Regulatory Developments

  • In November 2011 the National Telecom Regulatory Authority approved 6 million new lines which are to be shared equally amongst three mobile operators under the new numbering system (015). This brought the total number of new lines granted in October and November of 2010 to 9 million.
  • Yasser ElKady was appointed as the new CEO of the Information Technology Industry Development Agency (ITIDA) in November 2010, and will report directly to the Minister of Telecommunications and Information Technology. In September 2009, ElKady was appointed as the First Deputy to the Minister of Investment. To support his role for the Ministry, Yasser was also appointed as a board member for the General Authority for Investment (GAFI).

Future Outlook

In January 2011 Telecom Egypt was reported as to be considering acquiring a licence as a Mobile Virtual Network Operator (MVNO). This would require the co-operation of an existing Mobile Network Operator (MNO), and this in turn is usually the smallest by subscriber numbers, so making Etisalat Misr the most likely candidate for such an approach. Etisalat had some 7.3 million mobile subscribers at the end of September 2010, representing an 11 percent share of the mobile market. This follows its approaches to acquire a larger stake in Vodafone in 2010 which were turned down.

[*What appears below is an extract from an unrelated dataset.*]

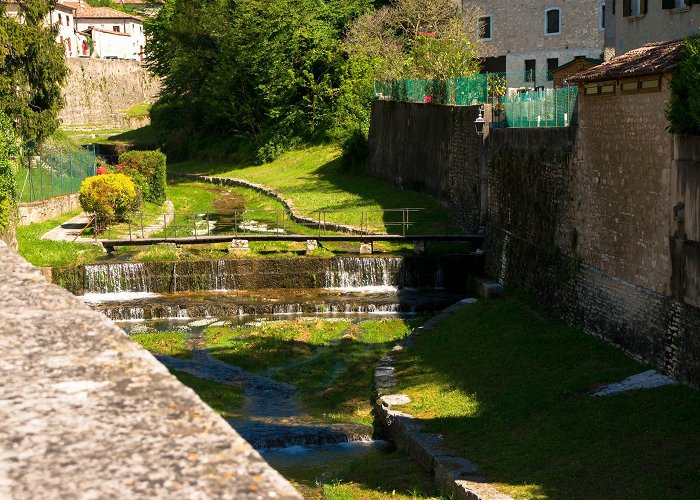 Cison di Valmarino photo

In the closing weeks of 2010 Etisalat Misr announced that it had obtained an EGP 7.2 billion (USD 1.2 billion) syndicated loan to finance infrastructure expansion. The banks, which include National Bank of Egypt, Banque Misr SAE, and National Bank of Abu Dhabi, will provide 76 percent of the long-term financing in Egyptian pounds and the rest in US dollars, the company said. Emirates Telecommunications said in June it planned to invest EGP 8 billion to expand its network over the next three years. Etisalat is the country?s third-largest mobile operator.

The National Telecom Regulatory Authority (NTRA) in July 2010 approved two groups to provide triple-play services to residential compounds in Cairo?s suburbs which contain between 50 and 5,000 housing units. This followed NTRA?s announcement in October 2009 that it would license two geographically focused triple-play concessions. LINKdotNET Egypt recently sold to mobile operator MobiNil, and includes affiliates of local telecoms group Orascom Telecom. The other group was thought to include Vodafone Egypt.

The number of mobile subscribers was approximately 69.24 million at the end of 2010 with a corresponding penetration rate of nearly 81 percent.